It's it's where ideas do get debated.
The idea that there's some lockstep requirement now, and that Harriet Myers doesn't meet the demands is silly.
It isn't what this is.
We're not out there, you've got to get a real conservative.
What it be if somebody's saying we need a real conservative, what they really mean is we need somebody who's gonna give them a court that's gonna have to understand the Constitution, and how it is being bastardized by the current culture of the Supreme Court.
I think this debate that's going on on the right actually shows the maturity of the conservative movement and the principled approach to this issue that is being taken.

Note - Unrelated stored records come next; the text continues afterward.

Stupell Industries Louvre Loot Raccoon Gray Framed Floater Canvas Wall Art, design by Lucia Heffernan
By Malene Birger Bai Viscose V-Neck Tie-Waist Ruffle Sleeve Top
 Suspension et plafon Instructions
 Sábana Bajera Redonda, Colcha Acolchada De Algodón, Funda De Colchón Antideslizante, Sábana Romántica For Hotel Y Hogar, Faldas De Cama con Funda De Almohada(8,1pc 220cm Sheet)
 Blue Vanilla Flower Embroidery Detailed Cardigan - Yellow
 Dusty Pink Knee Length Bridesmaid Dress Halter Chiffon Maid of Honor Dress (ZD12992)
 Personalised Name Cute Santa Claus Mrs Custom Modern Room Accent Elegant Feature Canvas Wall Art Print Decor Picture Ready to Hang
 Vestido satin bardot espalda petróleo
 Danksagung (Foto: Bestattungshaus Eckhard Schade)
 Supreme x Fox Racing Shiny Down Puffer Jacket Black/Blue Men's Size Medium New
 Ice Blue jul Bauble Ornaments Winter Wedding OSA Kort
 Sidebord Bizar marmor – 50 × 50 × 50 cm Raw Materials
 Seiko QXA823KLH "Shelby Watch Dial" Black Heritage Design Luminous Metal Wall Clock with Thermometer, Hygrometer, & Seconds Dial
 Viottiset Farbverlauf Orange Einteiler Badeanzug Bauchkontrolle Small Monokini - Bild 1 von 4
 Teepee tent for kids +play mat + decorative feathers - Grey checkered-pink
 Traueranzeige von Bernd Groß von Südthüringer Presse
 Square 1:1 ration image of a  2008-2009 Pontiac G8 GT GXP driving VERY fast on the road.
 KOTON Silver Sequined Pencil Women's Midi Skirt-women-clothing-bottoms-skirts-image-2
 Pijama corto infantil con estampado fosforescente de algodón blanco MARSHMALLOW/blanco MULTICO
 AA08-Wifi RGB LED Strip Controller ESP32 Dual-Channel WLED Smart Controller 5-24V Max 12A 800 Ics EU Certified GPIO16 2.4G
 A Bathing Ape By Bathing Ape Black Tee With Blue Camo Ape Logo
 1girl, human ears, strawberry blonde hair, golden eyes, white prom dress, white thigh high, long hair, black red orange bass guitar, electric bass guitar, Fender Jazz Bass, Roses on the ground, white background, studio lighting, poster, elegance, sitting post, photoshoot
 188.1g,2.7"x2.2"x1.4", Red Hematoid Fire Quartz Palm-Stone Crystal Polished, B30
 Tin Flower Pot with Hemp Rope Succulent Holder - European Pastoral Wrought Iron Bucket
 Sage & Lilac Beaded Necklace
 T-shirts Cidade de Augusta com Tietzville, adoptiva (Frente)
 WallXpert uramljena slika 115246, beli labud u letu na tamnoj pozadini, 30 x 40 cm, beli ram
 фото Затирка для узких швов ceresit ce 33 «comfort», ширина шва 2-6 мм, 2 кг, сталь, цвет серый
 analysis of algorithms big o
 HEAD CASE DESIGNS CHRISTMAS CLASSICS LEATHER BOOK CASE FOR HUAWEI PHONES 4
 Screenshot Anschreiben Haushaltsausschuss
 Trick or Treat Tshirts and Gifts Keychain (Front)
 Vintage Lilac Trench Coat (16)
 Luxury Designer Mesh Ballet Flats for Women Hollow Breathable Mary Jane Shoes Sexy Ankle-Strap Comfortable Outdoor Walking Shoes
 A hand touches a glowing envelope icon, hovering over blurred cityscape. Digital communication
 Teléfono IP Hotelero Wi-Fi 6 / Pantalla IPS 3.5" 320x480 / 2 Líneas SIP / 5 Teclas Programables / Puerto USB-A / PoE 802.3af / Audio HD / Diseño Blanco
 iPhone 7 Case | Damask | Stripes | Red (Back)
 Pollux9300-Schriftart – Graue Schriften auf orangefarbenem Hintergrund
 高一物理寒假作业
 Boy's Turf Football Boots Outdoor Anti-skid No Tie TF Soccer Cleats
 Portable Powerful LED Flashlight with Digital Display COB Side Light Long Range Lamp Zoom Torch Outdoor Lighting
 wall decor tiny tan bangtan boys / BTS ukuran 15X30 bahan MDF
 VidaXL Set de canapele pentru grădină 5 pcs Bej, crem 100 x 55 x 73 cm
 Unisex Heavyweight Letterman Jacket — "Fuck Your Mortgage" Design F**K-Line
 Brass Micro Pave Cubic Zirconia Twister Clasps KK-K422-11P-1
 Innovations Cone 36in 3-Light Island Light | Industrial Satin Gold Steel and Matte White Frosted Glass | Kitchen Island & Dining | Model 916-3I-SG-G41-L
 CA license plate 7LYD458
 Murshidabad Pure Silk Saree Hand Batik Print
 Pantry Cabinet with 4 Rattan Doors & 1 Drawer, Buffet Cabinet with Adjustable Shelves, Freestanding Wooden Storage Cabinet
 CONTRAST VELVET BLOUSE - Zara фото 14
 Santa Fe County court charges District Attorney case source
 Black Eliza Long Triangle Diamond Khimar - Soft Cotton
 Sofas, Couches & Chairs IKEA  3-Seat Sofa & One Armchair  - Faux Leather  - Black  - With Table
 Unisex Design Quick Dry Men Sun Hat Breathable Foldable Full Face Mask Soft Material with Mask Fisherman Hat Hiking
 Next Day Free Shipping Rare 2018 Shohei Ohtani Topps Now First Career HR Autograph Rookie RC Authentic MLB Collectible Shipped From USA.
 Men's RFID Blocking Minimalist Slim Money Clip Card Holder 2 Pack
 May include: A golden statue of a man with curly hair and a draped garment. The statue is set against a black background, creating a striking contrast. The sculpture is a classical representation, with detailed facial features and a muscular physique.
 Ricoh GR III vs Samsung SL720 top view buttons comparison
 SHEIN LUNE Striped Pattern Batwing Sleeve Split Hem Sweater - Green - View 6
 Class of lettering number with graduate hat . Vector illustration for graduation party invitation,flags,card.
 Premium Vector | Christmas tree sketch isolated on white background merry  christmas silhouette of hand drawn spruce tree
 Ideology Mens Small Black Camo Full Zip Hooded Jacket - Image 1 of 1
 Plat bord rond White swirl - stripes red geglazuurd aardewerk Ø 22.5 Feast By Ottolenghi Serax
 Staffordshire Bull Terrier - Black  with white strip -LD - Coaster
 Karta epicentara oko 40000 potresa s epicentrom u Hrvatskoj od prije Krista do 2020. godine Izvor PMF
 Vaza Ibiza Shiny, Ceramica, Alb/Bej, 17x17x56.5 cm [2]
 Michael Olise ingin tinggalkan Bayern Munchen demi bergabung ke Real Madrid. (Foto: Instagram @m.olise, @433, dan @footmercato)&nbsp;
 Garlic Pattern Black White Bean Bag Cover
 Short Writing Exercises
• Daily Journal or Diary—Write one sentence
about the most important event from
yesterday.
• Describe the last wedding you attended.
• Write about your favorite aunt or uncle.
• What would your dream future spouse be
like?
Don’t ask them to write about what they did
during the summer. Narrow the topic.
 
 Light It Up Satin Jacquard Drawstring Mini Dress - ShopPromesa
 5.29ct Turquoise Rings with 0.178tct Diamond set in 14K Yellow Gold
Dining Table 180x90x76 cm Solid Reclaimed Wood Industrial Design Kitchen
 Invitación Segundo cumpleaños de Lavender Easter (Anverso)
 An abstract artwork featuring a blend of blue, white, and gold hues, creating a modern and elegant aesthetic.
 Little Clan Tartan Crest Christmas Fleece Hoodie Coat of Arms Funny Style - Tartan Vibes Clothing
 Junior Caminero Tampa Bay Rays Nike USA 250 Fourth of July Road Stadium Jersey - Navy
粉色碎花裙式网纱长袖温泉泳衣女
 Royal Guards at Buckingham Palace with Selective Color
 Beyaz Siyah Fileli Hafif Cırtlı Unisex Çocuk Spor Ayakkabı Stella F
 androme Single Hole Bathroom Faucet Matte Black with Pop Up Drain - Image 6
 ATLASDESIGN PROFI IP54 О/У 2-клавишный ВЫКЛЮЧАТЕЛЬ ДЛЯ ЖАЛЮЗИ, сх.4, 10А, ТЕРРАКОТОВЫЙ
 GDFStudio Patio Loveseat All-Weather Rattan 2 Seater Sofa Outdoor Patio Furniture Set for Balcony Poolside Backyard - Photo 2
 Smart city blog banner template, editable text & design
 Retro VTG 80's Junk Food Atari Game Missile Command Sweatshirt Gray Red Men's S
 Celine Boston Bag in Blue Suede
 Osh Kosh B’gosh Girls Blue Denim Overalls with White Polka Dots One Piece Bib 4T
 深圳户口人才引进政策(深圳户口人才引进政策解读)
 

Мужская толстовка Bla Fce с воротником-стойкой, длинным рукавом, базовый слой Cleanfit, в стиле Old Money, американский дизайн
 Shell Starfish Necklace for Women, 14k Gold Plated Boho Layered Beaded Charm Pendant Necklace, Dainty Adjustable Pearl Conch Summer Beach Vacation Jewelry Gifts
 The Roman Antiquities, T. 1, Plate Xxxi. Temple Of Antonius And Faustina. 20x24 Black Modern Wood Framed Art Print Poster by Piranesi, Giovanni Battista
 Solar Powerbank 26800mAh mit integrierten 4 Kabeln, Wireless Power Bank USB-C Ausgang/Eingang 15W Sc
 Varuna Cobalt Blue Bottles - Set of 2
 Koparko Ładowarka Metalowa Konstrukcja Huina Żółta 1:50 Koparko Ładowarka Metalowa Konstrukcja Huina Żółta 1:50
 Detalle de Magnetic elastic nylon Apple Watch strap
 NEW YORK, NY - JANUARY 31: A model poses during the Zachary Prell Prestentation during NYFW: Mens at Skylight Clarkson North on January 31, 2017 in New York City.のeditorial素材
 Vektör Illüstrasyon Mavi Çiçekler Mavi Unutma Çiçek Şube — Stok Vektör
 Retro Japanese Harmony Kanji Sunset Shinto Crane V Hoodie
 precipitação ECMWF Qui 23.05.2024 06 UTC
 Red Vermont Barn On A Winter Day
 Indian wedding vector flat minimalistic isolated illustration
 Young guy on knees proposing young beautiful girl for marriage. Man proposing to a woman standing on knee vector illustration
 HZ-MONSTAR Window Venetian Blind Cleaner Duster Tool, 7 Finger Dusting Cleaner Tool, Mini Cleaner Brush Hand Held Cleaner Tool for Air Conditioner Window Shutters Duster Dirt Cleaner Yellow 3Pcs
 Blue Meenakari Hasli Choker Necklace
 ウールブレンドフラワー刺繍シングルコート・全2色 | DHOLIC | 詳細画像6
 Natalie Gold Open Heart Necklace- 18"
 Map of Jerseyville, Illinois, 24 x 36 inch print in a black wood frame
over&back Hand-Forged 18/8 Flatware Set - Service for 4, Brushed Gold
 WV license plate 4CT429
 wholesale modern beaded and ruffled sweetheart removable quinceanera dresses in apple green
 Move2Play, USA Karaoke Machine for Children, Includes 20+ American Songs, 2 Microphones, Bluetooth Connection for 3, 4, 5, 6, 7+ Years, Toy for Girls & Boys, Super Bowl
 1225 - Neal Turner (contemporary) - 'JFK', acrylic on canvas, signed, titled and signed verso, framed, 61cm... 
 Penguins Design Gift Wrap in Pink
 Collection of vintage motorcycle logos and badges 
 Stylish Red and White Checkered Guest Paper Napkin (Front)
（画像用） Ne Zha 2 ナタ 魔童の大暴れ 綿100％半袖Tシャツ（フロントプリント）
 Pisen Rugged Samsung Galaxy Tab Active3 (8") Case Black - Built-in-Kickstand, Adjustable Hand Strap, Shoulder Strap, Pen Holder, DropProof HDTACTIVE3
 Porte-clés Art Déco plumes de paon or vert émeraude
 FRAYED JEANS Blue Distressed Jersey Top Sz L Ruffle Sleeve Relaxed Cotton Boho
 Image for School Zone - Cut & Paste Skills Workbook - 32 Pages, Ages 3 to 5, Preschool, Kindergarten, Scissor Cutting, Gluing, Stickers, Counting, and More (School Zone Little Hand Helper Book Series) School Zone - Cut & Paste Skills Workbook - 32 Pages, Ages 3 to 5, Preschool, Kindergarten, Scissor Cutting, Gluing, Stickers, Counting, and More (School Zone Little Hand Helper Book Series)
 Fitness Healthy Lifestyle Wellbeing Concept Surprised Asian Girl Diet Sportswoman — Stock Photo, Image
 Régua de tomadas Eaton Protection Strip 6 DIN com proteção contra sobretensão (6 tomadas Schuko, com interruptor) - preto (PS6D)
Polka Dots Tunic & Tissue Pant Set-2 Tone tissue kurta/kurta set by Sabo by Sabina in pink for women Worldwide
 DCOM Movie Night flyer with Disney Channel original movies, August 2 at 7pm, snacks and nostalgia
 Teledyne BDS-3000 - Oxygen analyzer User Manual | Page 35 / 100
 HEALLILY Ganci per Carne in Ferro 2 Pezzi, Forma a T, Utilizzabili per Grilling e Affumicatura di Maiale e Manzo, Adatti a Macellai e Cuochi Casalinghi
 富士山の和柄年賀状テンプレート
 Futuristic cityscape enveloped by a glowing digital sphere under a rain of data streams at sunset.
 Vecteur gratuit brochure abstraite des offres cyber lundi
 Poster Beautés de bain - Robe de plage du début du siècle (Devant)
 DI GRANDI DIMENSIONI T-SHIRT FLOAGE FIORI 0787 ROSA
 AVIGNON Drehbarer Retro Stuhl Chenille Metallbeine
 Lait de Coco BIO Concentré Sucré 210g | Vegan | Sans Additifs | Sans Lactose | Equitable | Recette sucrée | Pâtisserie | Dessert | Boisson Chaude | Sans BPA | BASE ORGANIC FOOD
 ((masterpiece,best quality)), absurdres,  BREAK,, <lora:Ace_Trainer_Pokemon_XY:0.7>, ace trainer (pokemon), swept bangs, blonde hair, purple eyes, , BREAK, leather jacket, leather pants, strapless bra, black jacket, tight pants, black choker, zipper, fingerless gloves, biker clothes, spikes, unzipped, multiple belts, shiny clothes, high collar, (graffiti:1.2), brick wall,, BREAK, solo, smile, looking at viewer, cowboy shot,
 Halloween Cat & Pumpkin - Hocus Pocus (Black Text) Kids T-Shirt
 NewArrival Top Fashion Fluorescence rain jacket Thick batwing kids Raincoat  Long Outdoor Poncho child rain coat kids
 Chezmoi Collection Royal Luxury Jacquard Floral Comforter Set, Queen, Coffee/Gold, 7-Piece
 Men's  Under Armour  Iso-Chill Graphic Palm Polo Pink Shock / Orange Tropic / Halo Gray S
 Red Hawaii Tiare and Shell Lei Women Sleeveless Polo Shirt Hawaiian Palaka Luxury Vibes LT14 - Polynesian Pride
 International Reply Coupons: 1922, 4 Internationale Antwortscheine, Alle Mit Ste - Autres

I mean, the idea that there are elitists, purist, or that we are, that we are elitists or purists or whatever because we question the wisdom of this one thing the president's done.
And the and the criticism, by the way, falls down on several legitimate and thoughtful levels.
I mean, to think that there is elitism going on or litmus testing uh uh being being required is is foolish.
The other side uses old worn liberal arguments to attack us like sexism and glass ceiling and trust me all that.
And now to have the uh the the right wing start using this kind of lingo, puzzling to me, folks.
I know some of these people on the right.
They're they're just they're they're trying to, you know, carve out uh they're new players out there and they're trying to carve out a niche for themselves as the smartest people in the room uh and and all that.
But I tell you, I think some of the critics of this nomination have been far more intellectually honest and principled than some of the defenders have been, if you want to know the truth.
You know, I I have tried, folks, I've tried to put I've I've really worked on this.
Because like I mean, I've I've got friends of mine.
I can't believe you're doing this.
I can't believe you're not behind the president.
I am totally behind the president.
Folks, don't want, but I disagree with this nomination.
I've tr I've tried to put myself in the shoes of those who are defending it.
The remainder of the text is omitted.